Required work: An exact copy of every entry is needed, without the pictures.

Provided data:
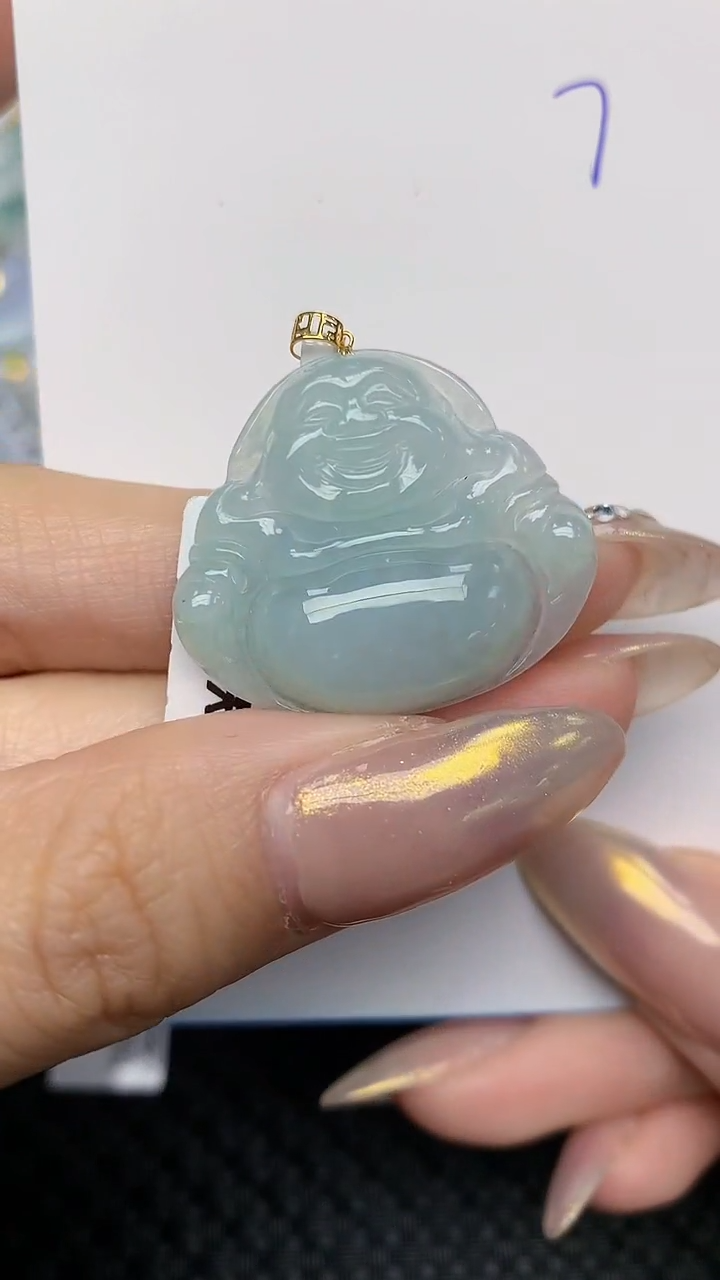 【闪购商品】翡翠颈饰18K金镶嵌天然翡翠A货，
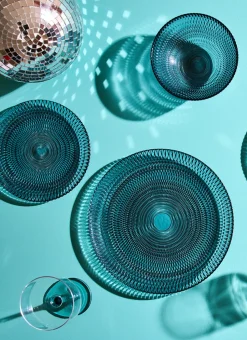 ASSIETTE PLATE EN VERRE BLEU NUAGE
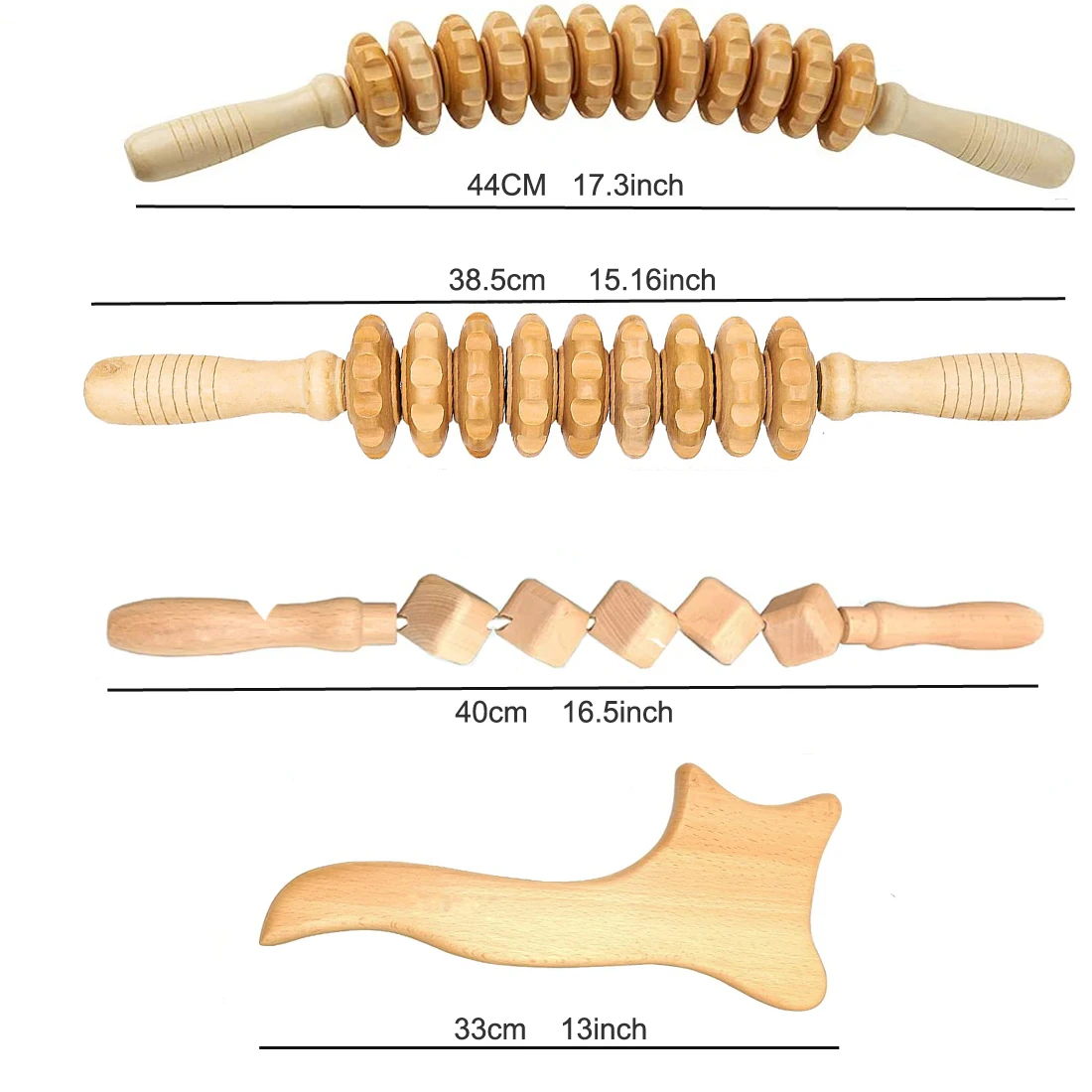 Wooden Muscle Roller Stick Wood Therapy Massager Tool for Maderotherapy,Anti-Cellulite, Lymphatic Drainage,Muscle Pain Relief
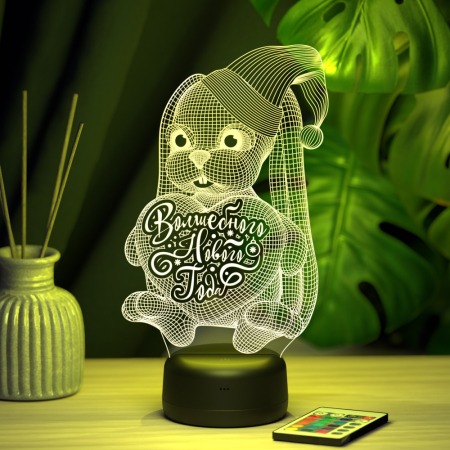 3D светильник  Светильник "Новогодний кролик в шапочке"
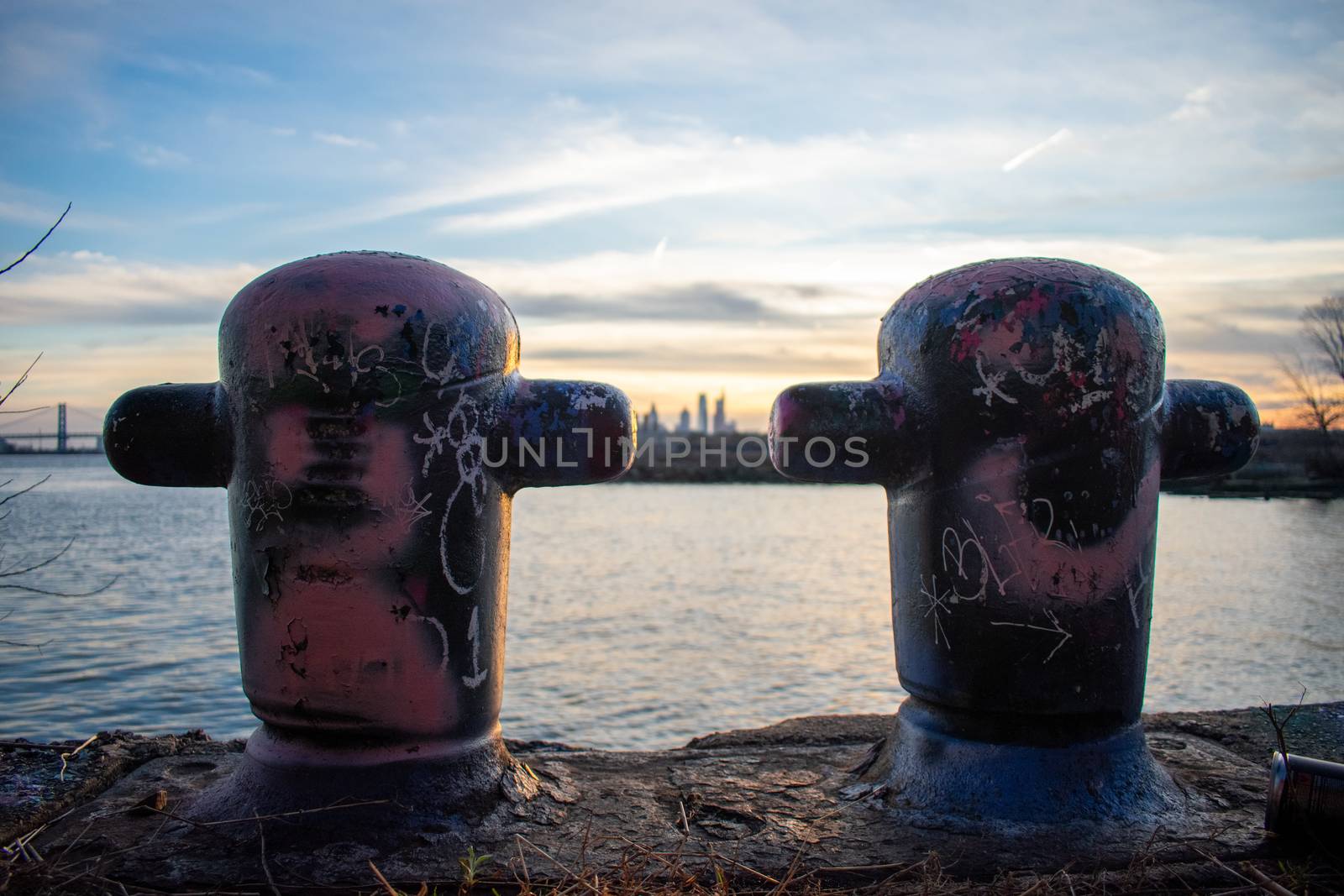 Two Graffiti Covered Metal Poles At Graffiti Pier by bju12290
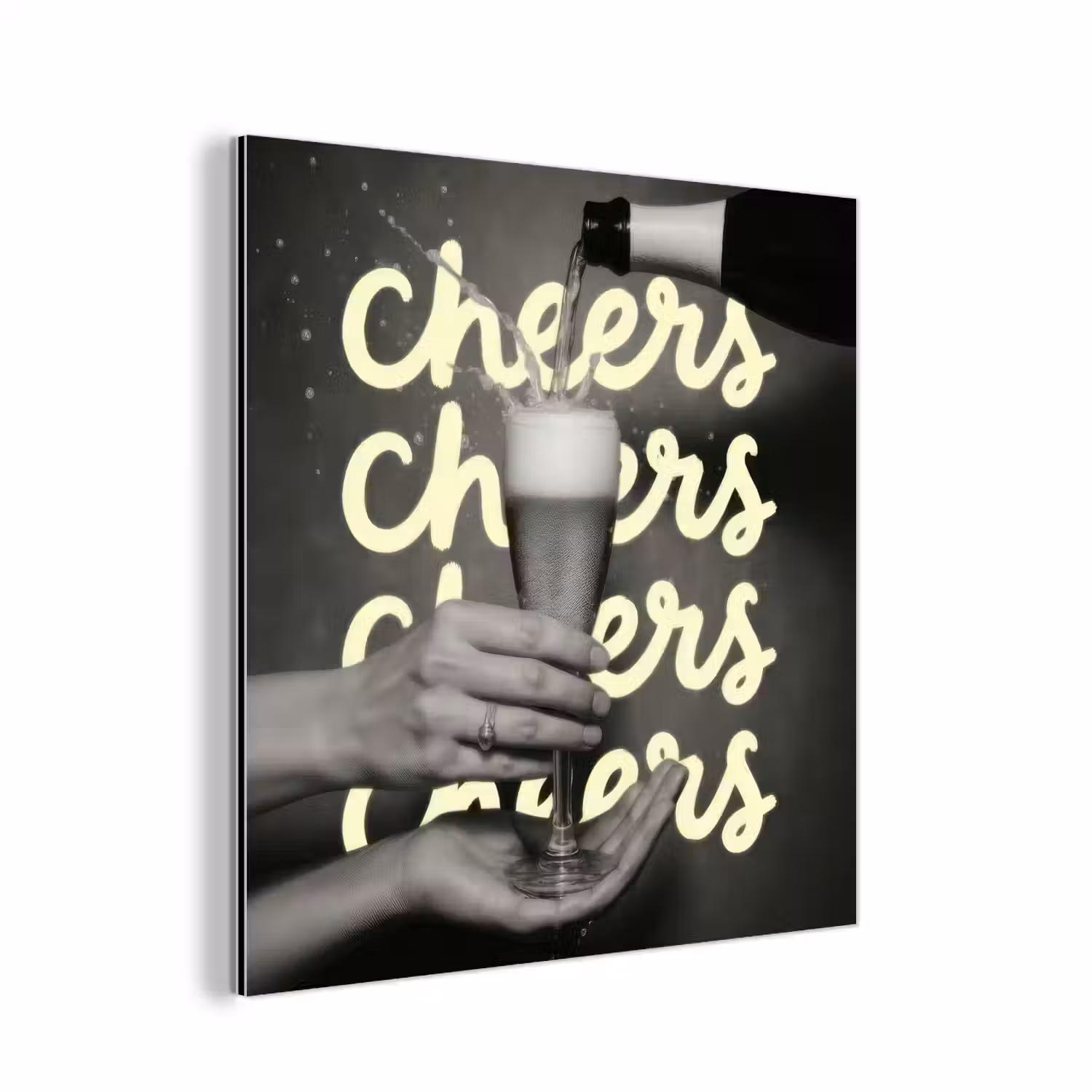 Cheers - Wijn - Zwart - Wit aluminium wit klein -3d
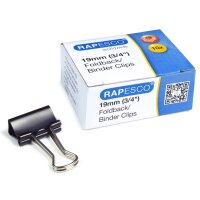 RAPESCO Pinces double clip, largeur: 50 mm, noir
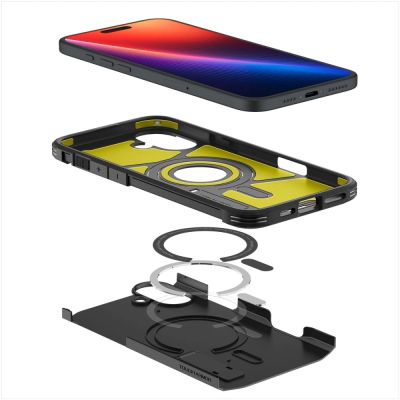 10. Spigen Tough Armor MagSafe Hülle mit Ständer für iPhone 16 – Schwarz
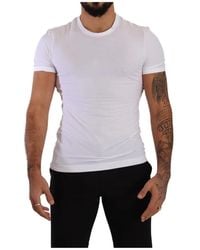 Dolce & Gabbana - Weiße T-Shirt-Unterwäsche aus Baumwollstretch mit Rundhalsausschnitt - Lyst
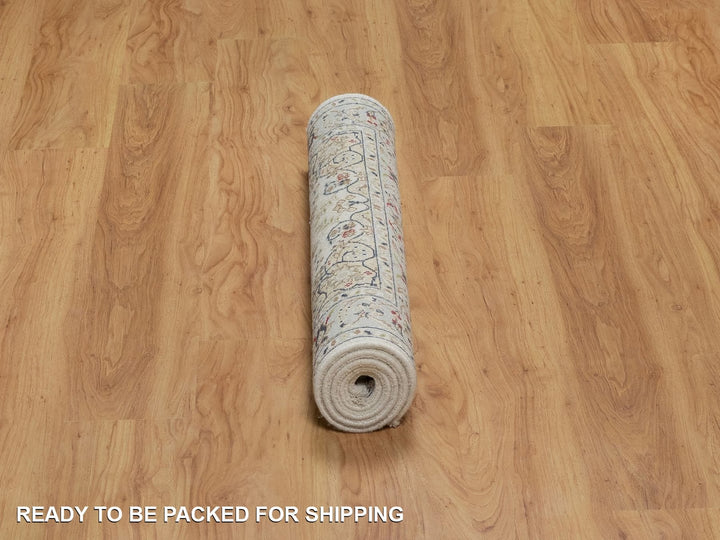 3'0" x 5'1" New Hand Knotted Ivory Wool & Silk Rectangle Oriental Rug - MOA10291998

Solved problem:
 【闪购商品】翡翠颈饰18K金镶嵌天然翡翠A货，
 ASSIETTE PLATE EN VERRE BLEU NUAGE
 Wooden Muscle Roller Stick Wood Therapy Massager Tool for Maderotherapy,Anti-Cellulite, Lymphatic Drainage,Muscle Pain Relief
 3D светильник  Светильник "Новогодний кролик в шапочке"
 Two Graffiti Covered Metal Poles At Graffiti Pier by bju12290
 Cheers - Wijn - Zwart - Wit aluminium wit klein -3d
 RAPESCO Pinces double clip, largeur: 50 mm, noir
 10. Spigen Tough Armor MagSafe Hülle mit Ständer für iPhone 16 – Schwarz
 Dolce & Gabbana - Weiße T-Shirt-Unterwäsche aus Baumwollstretch mit Rundhalsausschnitt - Lyst
 3'0" x 5'1" New Hand Knotted Ivory Wool & Silk Rectangle Oriental Rug - MOA10291998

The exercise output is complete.